**Task directions**
In the material below, find every line with "фото" and pull it out.

**Data for this exercise**
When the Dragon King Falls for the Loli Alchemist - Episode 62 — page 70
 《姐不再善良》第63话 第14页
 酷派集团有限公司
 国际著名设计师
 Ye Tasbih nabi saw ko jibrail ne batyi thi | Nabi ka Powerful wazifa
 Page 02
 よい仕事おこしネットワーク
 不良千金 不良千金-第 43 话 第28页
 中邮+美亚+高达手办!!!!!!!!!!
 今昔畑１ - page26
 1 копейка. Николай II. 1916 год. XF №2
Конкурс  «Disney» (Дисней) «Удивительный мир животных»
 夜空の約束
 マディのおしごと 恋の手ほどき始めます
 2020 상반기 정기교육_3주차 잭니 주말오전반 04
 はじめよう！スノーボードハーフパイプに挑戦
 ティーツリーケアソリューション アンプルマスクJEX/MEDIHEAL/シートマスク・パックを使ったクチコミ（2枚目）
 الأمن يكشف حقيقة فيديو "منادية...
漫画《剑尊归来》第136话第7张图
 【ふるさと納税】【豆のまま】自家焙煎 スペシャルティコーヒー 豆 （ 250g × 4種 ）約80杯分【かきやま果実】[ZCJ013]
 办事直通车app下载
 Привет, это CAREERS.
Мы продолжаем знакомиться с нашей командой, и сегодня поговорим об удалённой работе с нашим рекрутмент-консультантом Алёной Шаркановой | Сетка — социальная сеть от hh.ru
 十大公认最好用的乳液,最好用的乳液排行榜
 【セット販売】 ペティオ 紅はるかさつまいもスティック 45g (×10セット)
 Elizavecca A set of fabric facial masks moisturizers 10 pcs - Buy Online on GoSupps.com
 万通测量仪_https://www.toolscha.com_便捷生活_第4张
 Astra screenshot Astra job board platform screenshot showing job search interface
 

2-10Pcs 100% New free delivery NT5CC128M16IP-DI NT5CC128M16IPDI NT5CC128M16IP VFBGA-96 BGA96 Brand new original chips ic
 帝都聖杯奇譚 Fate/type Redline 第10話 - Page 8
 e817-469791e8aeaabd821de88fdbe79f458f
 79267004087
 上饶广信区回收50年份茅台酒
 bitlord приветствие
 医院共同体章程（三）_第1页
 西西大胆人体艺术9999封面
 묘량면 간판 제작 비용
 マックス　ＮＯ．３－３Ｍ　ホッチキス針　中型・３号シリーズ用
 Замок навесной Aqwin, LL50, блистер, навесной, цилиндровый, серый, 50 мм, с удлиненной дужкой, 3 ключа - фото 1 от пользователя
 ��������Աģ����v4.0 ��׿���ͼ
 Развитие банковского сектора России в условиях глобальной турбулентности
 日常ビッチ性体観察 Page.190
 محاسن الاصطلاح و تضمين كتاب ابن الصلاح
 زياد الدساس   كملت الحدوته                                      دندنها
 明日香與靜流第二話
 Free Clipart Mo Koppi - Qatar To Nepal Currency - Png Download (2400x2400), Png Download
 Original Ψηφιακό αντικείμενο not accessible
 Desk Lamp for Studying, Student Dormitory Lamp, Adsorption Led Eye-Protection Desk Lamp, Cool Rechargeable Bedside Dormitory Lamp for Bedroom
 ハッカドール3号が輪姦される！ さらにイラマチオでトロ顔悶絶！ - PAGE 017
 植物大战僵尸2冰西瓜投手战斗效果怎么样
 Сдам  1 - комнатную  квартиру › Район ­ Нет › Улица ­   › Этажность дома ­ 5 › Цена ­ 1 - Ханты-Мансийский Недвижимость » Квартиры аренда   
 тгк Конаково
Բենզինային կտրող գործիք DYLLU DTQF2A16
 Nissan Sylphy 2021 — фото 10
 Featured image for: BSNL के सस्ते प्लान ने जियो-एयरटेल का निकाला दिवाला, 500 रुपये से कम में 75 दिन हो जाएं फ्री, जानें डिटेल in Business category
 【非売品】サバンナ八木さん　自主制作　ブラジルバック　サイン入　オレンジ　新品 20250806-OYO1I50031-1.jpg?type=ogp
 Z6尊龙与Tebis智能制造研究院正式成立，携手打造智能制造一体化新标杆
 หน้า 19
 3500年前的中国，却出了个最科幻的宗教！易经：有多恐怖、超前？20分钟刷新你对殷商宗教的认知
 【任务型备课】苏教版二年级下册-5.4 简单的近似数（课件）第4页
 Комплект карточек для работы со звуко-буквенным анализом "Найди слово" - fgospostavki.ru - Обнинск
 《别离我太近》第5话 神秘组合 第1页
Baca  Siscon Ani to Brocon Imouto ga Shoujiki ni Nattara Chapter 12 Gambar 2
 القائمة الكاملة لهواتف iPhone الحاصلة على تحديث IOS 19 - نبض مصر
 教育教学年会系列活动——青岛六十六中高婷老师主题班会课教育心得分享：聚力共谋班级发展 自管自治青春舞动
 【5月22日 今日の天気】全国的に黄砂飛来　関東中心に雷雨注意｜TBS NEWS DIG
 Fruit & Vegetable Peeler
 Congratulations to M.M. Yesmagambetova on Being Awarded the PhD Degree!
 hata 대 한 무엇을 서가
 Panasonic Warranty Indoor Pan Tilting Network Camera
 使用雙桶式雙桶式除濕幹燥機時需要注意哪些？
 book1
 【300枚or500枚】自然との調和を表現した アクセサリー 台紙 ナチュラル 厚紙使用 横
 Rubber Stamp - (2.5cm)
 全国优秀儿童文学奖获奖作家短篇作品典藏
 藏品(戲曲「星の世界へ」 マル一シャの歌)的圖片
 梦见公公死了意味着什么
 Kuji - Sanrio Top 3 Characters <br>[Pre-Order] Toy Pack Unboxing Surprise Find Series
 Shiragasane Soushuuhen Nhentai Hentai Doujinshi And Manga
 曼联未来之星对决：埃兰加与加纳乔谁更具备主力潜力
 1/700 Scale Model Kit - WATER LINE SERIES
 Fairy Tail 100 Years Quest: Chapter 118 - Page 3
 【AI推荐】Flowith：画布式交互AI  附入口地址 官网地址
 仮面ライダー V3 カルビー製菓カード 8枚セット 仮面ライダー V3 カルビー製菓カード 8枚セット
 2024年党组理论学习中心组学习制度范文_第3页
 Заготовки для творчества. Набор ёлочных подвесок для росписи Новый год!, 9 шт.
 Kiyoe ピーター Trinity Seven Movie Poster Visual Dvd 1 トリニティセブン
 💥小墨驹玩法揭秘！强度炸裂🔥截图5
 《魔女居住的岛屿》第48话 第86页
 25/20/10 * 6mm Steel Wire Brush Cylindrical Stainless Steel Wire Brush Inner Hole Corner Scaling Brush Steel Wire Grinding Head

**Exercise solution**
 Замок навесной Aqwin, LL50, блистер, навесной, цилиндровый, серый, 50 мм, с удлиненной дужкой, 3 ключа - фото 1 от пользователя
 Nissan Sylphy 2021 — фото 10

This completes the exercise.